With beaming smiles, the rescued men were welcomed as heroes after being hauled through 57 metres of steel pipe on stretchers specially fitted with wheels, where they were greeted by state officials before embracing their families.
“Hail mother India!” crowds outside the tunnel cheered, as news spread that all had made it safely out of the under-construction tunnel in the Himalayan state of Uttarakhand, where they had been incarcerated since a partial collapse on November 12.
Relatives outside celebrated, after previous hopes of reaching the men were repeatedly dashed by falling debris and the breakdown of multiple drilling machines, in a rescue operation the government said took place in “challenging Himalayan terrain”.
“We are thankful to God and the rescuers who worked hard to save them,” Naiyer Ahmad said, whose younger brother Sabah Ahmad was among the trapped workers, and who had been camping out in bitterly cold temperatures at the site for over two weeks.
“We are extremely happy, no words can explain it,” said Musarrat Jahan, the wife of one rescued worker Sabah Ahmad said from Bihar state, where she had been waiting desperately for news. “Not only my husband got a new life, we also got a new life.

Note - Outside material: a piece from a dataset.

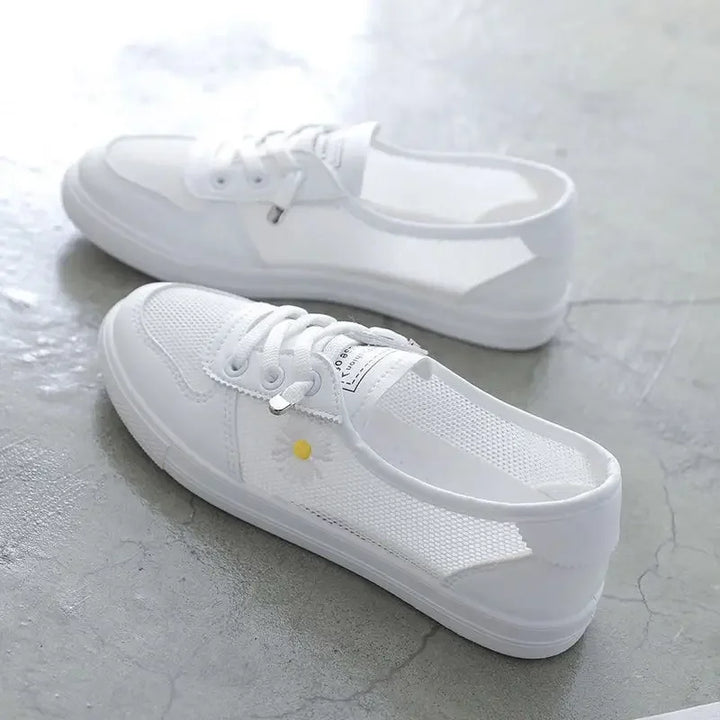 Lune London | Summer Sports Shoes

We will never forget it”.
‘Now to celebrate’
Prime Minister Narendra Modi told the workers in a statement that their “courage and patience is inspiring everyone”. “Patience, hard work and faith won”, said Uttarakhand state chief minister Pushkar Singh Dhami, praising the “prayers of tens of millions of countrymen and the tireless work of all the rescue teams.”
The health of the workers was “fine”, with a team of medics in a field hospital assessing them as soon as they were brought out, Dhami added. Guriya Devi, wife of rescued worker Sushil Kumar, said she had been praying ever since the tunnel collapsed.

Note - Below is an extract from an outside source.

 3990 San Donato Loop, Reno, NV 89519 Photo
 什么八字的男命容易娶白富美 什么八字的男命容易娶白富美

“We passed through horrible times, and sometimes we lost hope — but ultimately the time has come to now celebrate”. Munnilal Kishku, father of freed worker Birendar Kishku, said they had not celebrated Diwali, the Hindu festival of lights, because it had happened the same time as the tunnel collapsed. “We will celebrate it when he reaches the village,” he said.

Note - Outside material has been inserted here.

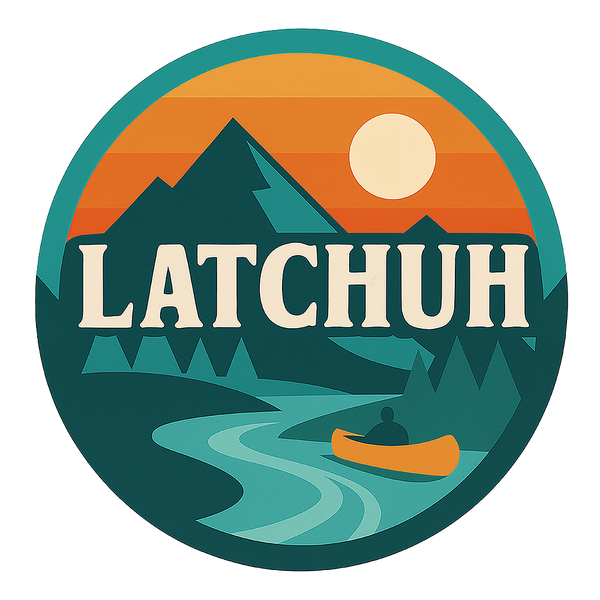 LATCHUH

After repeated setbacks in the operation, military engineers and skilled miners dug the final section by hand using a so-called “rat-hole” technique, a three-person team working at the rock face inside a metal pipe, just wide enough for someone to squeeze through.
Indian billionaire Anand Mahindra paid tribute to the men at the rock face who squeezed into the narrow pipe to clear the rocks by hand.